Ainsi, sans revenir sur l’obligation pour la collectivité de justifier de la réalité d’un projet d’action ou d’opération d’aménagement répondant aux objets mentionnés à l’article L. 300-1 du Code de l’urbanisme, le Conseil d’Etat admet que la constitution de réserves foncières soit autorisée non seulement lorsque les caractéristiques précises du projet n’ont pas été définies, mais aussi lorsque la consistance du projet reste définie sommairement sans que toutes ses composantes n’aient encore été arrêtées.

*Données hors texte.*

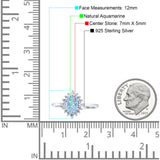 Art Deco Oval Halo Floral Ring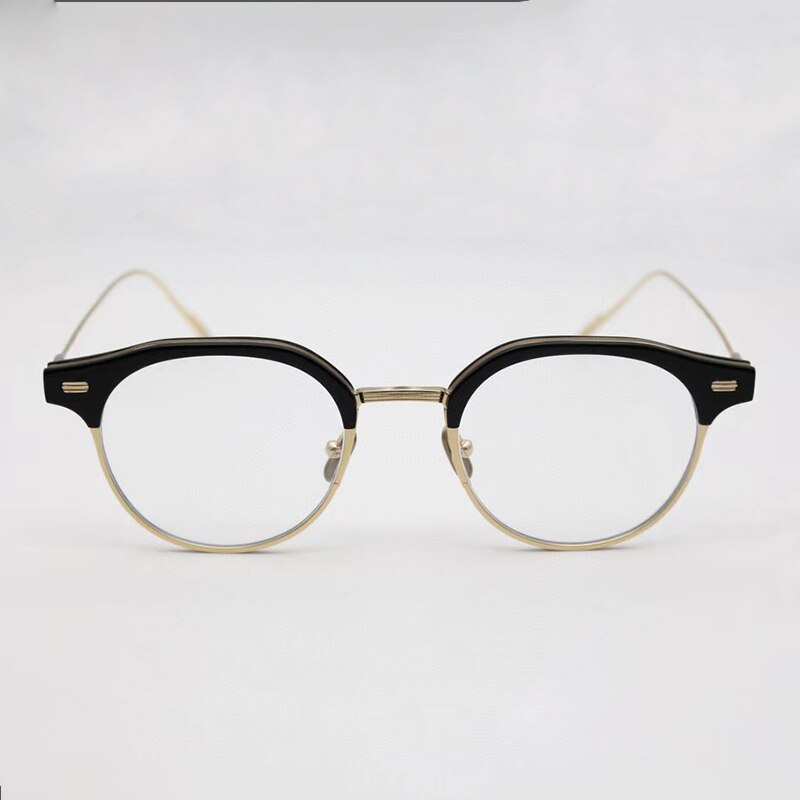 GENTLE Eyeglasses Frame KITO  Prescription Men's Women's Glasses Frame B Titanium Alloy Myopia Glasses Transparent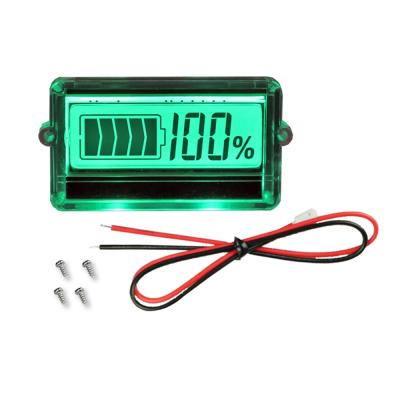 China DC8-63V Digital Lithium Battery Capacity Tester Indicator 12V/24V/36V/48V Lead Acid Battery Monitor with Shell Green LCD Display for sale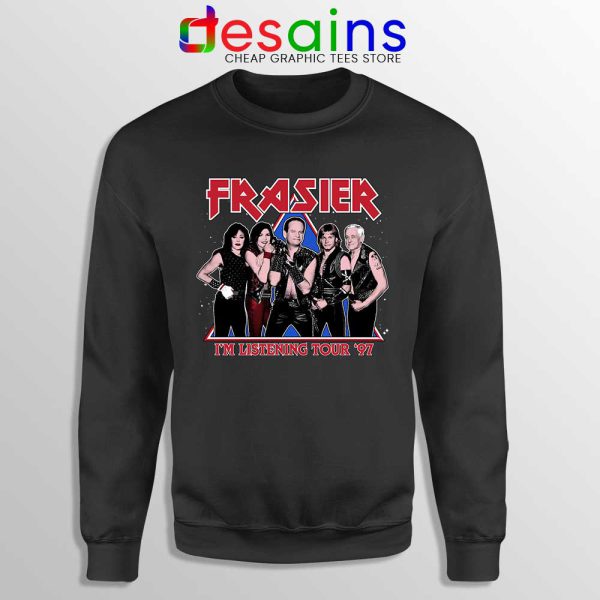 Frasier Sitcom Kiss Sweatshirt Worldwide Tour 97 Sweaters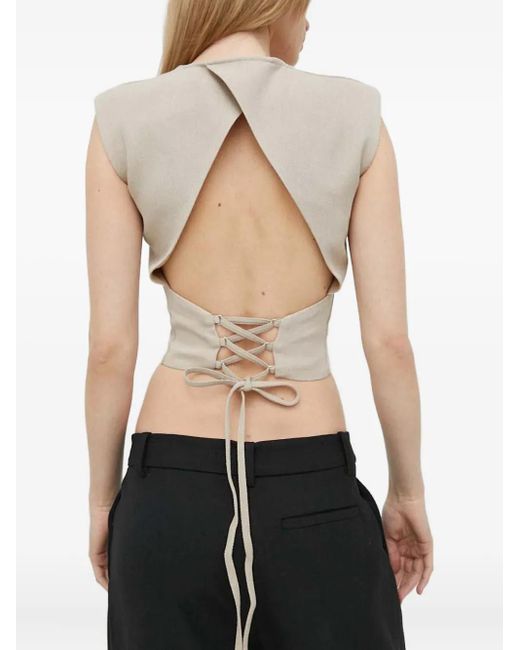 IRO Black Vitori Open-Back Top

Par son arrêt, le Conseil d’Etat affirme la spécificité des réserves foncières dont l’objet n’est pas de « réaliser mais seulement d’anticiper la réalisation d’actions ou d’opérations d’aménagement, ce que traduit l’écart de texte entre les dispositions de l’article L. 221-1 et celles de l’article L. 210-1 [du Code de l’urbanisme] propre aux droits de préemption, les réserves foncières [au titre du Code de l’expropriation] étant exercées non pas «  en vue de la réalisation «  des actions et opérations mais «  en vue de permettre la réalisation «  de celles-ci »[1].

 

[1] Conclusions du rapporteur public Monsieur Nicolas AGNOUX sous l’arrêt commenté.